CHAPTER IV
ASTRONOMICAL MEASUREMENTS
The old proverb has it that "Science is measurement," and of none of the sciences is this so true as of the science of astronomy. Indeed the measurement of time by observation of the movements of the heavenly bodies was the beginning of astronomy. The movement of the Sun gave the day, which was reckoned to begin either at sunrise or at sunset. The changes of the Moon gave the month, and in many languages the root meaning of the word for _Moon_ is "measurer." The apparent movement of the Sun amongst the stars gave a yet longer division of time, the year, which could be determined in a number of different ways, either from the Sun alone, or from the Sun together with the stars. A very simple and ancient form of instrument for measuring this movement of the Sun was the obelisk, a pillar with a pointed top set up on a level pavement. Such obelisks were common in Egypt, and one of the most celebrated, known as Cleopatra's Needle, now stands on the Thames Embankment. As the Sun moved in the sky, the shadow of the pillar moved on the pavement, and midday, or noon, was marked when the shadow was shortest. The length of the shadow at noon varied from day to day; it was shortest at mid-summer, and longest at midwinter, _i.e._ at the summer and winter solstices. Twice in the year the shadow of the pillar pointed due west at sunrise, and due east at {43} sunset--that is to say, the shadow at the beginning of the day was in the same straight line as at its end. These two days marked the two equinoxes of spring and autumn.
The obelisk was a simple means of measuring the height and position of the Sun, but it had its drawbacks. The length of the shadow and its direction did not vary by equal amounts in equal times, and if the pavement upon which the shadow fell was divided by marks corresponding to equal intervals of time for one day of the year, the marks did not serve for all other days.

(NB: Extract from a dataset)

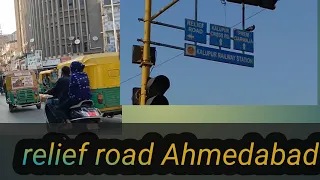 relief road Ahmedabad kalupur station ke baju mein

But if for the pillar a triangular wall was substituted--a wall rising from the pavement at the south and sloping up towards the north at such an angle that it seemed to point to the invisible pivot of the heavens, round which all the stars appeared to revolve--then the shadow of the wall moved on the pavement in the same manner every day, and the pavement if marked to show the hours for one day would show them for any day. The sundials still often found in the gardens of country houses or in churchyards are miniatures of such an instrument.
But the Greek astronomers devised other and better methods for determining the positions of the heavenly bodies. Obelisks or dials were of use only with the Sun and Moon which cast shadows. To determine the position of a star, "sights" like those of a rifle were employed, and these were fixed to circles which were carefully divided, generally into 360 "degrees." As there are 365 days in a year, and as the Sun makes a complete circuit of the Zodiac in this time, it moves very nearly a degree in a day. The twelve Signs of the Zodiac are therefore each 30° in length, and each {44} takes on the average a double-hour to rise or set. While the Sun and Moon are each about half a degree in diameter, _i.e._ about one-sixtieth of the length of a Sign, and therefore take a double-minute to rise or set. Each degree of a circle is therefore divided into 60 minutes, and each minute may be divided into 60 seconds.

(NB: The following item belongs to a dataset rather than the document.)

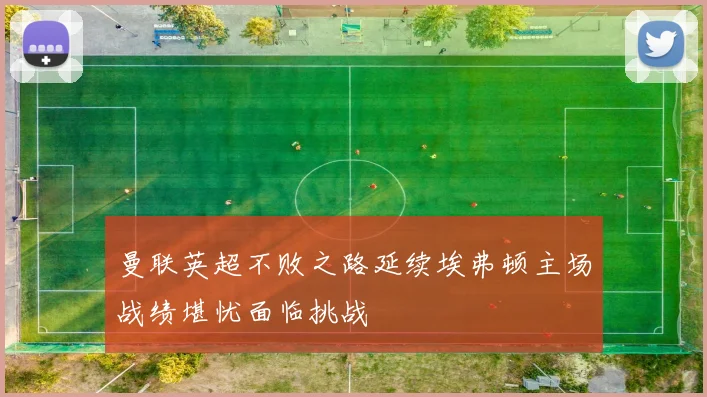曼联英超不败之路延续埃弗顿主场战绩堪忧面临挑战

As the Sun or Moon are each about half a degree, or, more exactly, 32 minutes in diameter, it is clear that, so long as astronomical observations were made by the unaided sight, a minute of arc (written 1') was the smallest division of the circle that could be used. A cord or wire can indeed be detected when seen projected against a moderately bright background if its thickness is a second of arc (written 1")--a sixtieth of a minute--but the wire is merely perceived, not properly defined.
Tycho Brahe had achieved the utmost that could be done by the naked eye, and it was the certainty that he could not have made a mistake in an observation in the place of the planet Mars amounting to as much as 8 minutes of arc--that is to say, of a quarter the apparent diameter of the Moon--that made Kepler finally give up all attempts to explain the planetary movements on the doctrine of circular orbits and to try movements in an ellipse. But a contemporary of Kepler, as gifted as he was himself, but in a different direction, was the means of increasing the observing power of the astronomer. GALILEO GALILEI (1564-1642), of a noble Florentine family, was appointed Lecturer in Mathematics at the University of Pisa. Here he soon distinguished himself by his originality of thought, and the ingenuity and decisiveness of his experiments. Up to that time it had been taught that of {45} two bodies the heavier would fall to the ground more quickly than the lighter. Galileo let fall a 100-lb. weight and a 1-lb. weight from the top of the Leaning Tower, and both weights reached the pavement together. By this and other ingenious experiments he laid a firm foundation for the science of mechanics, and he discovered the laws of motion which Newton afterwards formulated. He heard that an instrument had been invented in Holland which seemed to bring distant objects nearer, and, having himself a considerable knowledge of optics, it was not long before he made himself a little telescope. He fixed two spectacle glasses, one for long and one for short sight, in a little old organ-pipe, and thus made for himself a telescope which magnified three times. Before long he had made another which magnified thirty times, and, turning it towards the heavenly bodies, he discovered dark moving spots upon the Sun, mountains and valleys on the Moon, and four small satellites revolving round Jupiter. He also perceived that Venus showed "+phases+"--that is to say, she changed her apparent shape just as the Moon does--and he found the Milky Way to be composed of an immense number of small stars. These discoveries were made in the years 1609-11.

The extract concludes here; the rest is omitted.